Dataset items
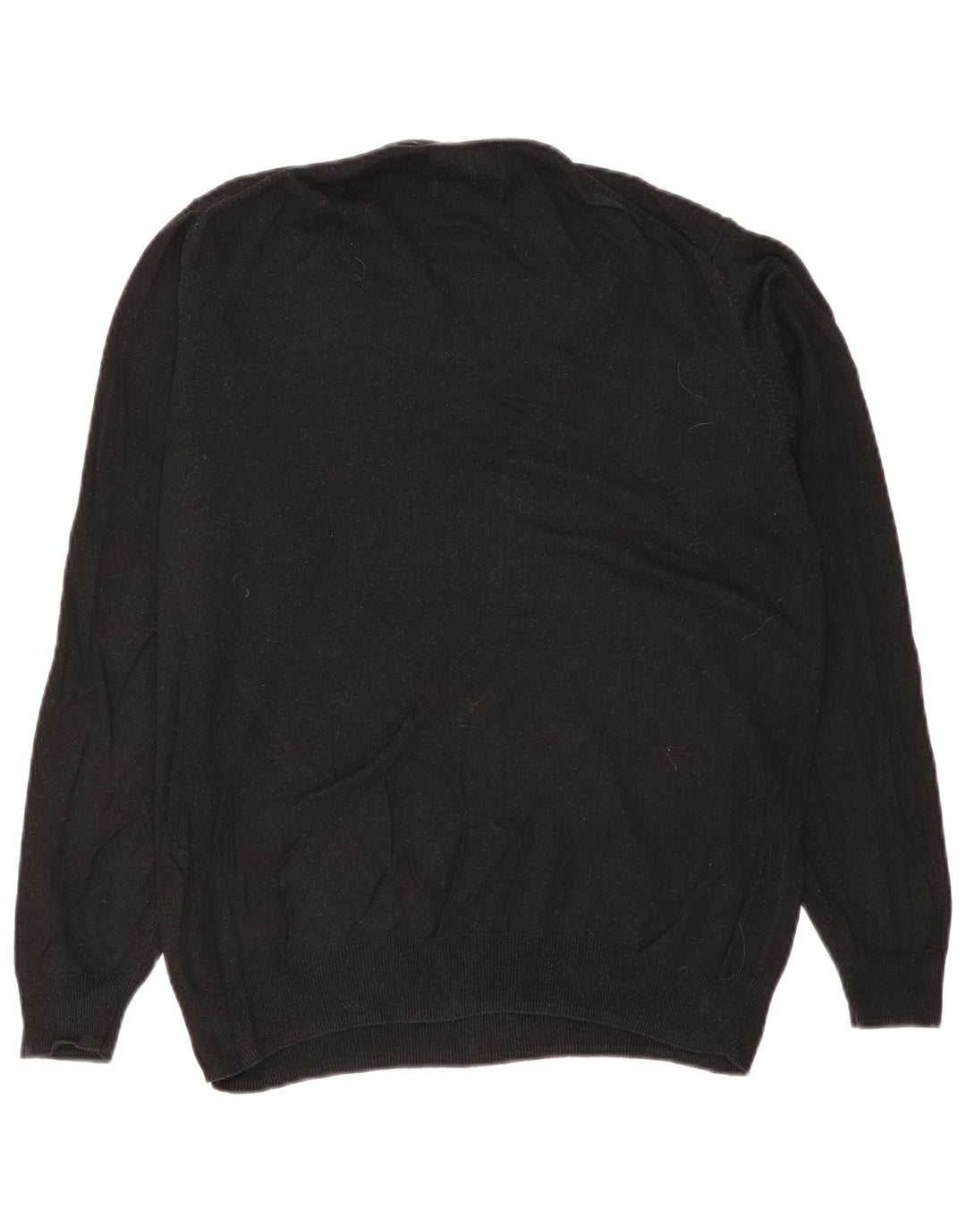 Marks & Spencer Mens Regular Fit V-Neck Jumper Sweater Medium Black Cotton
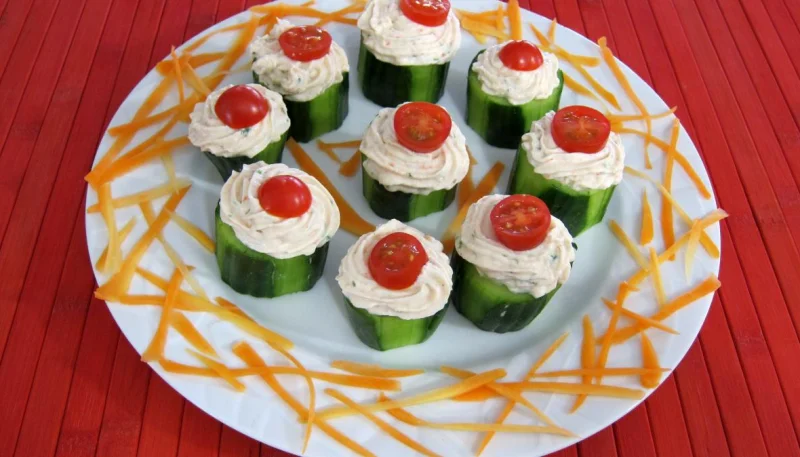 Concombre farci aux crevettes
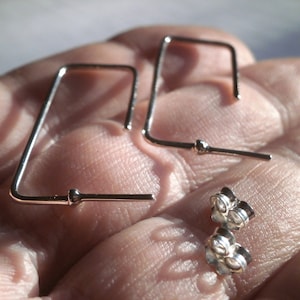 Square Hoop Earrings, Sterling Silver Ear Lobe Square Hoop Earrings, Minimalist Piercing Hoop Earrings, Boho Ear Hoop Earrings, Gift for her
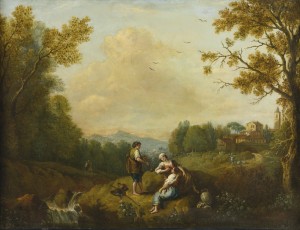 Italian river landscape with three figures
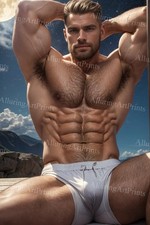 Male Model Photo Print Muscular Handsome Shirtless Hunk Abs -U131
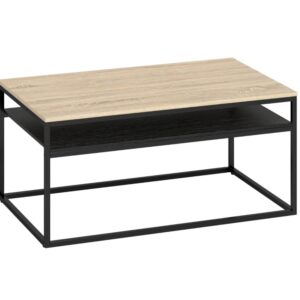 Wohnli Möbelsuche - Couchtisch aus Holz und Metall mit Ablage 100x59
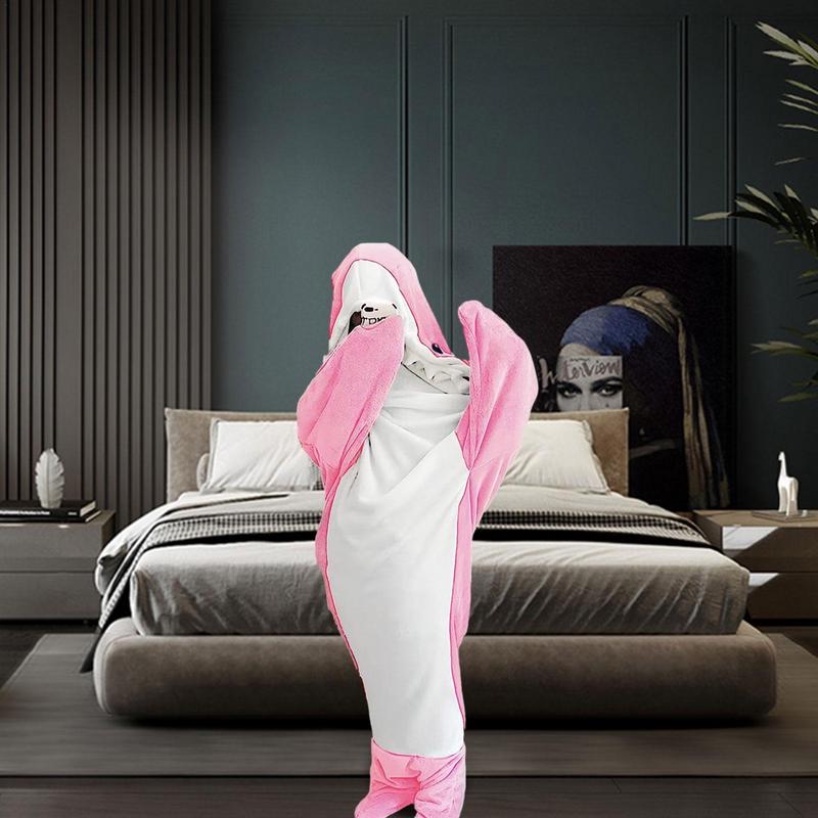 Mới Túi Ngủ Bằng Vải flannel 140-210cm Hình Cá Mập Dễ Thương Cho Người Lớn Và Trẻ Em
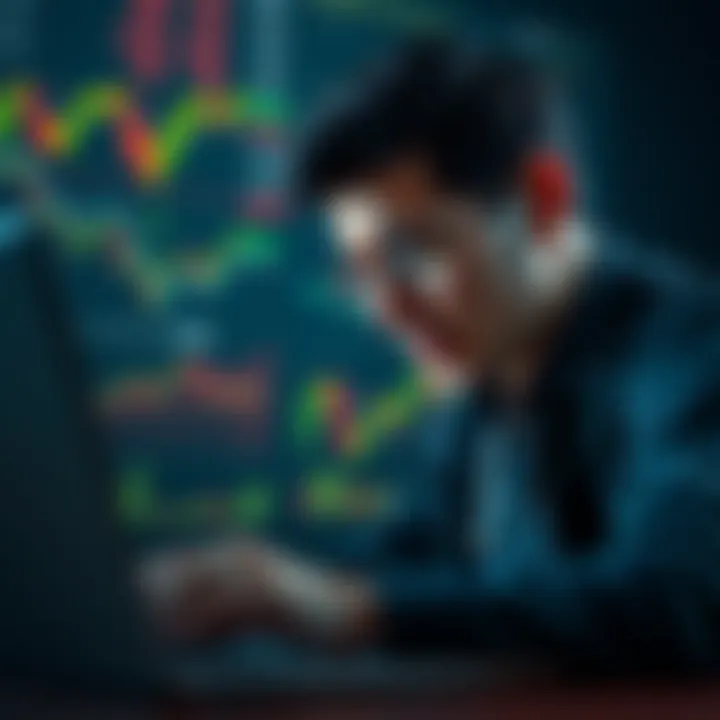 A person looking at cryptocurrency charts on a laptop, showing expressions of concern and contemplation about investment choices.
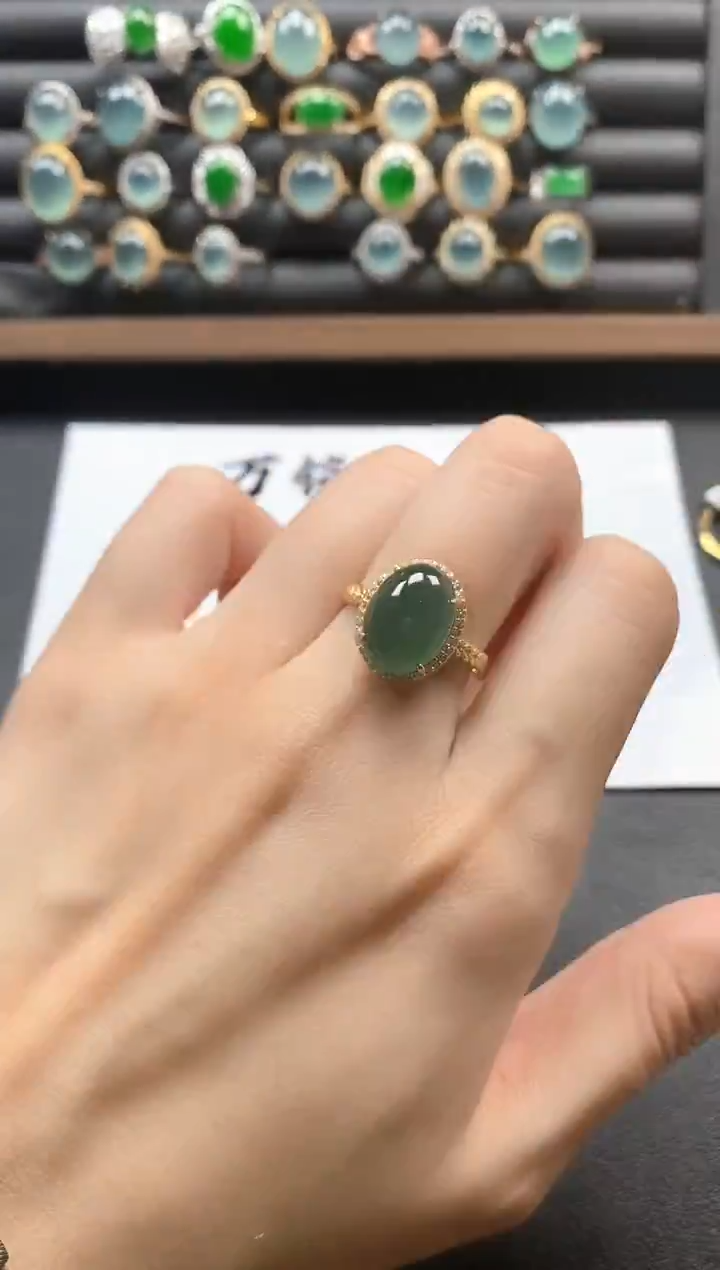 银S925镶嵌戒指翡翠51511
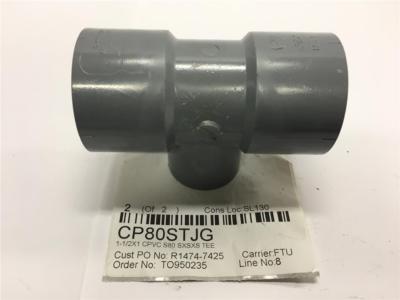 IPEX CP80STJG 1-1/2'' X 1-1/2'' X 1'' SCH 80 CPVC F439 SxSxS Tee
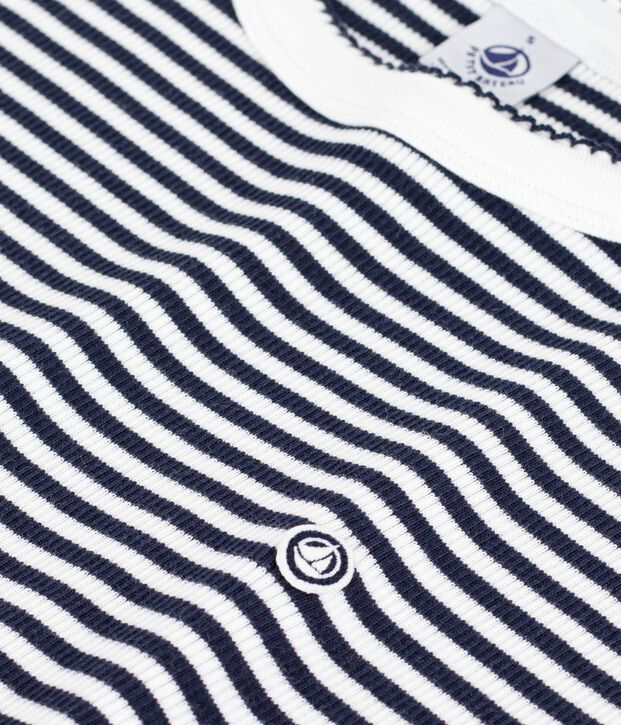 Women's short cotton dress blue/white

# WHAT YOU WILL DO
In the copy, include exactly the lines from the one containing "Square Hoop Earrings, Sterling" through the last line of the records, and no pictures or other text.

# RESULT FOR THIS EXERCISE
 Square Hoop Earrings, Sterling Silver Ear Lobe Square Hoop Earrings, Minimalist Piercing Hoop Earrings, Boho Ear Hoop Earrings, Gift for her
 Italian river landscape with three figures
 Male Model Photo Print Muscular Handsome Shirtless Hunk Abs -U131
 Wohnli Möbelsuche - Couchtisch aus Holz und Metall mit Ablage 100x59
 Mới Túi Ngủ Bằng Vải flannel 140-210cm Hình Cá Mập Dễ Thương Cho Người Lớn Và Trẻ Em
 A person looking at cryptocurrency charts on a laptop, showing expressions of concern and contemplation about investment choices.
 银S925镶嵌戒指翡翠51511
 IPEX CP80STJG 1-1/2'' X 1-1/2'' X 1'' SCH 80 CPVC F439 SxSxS Tee
 Women's short cotton dress blue/white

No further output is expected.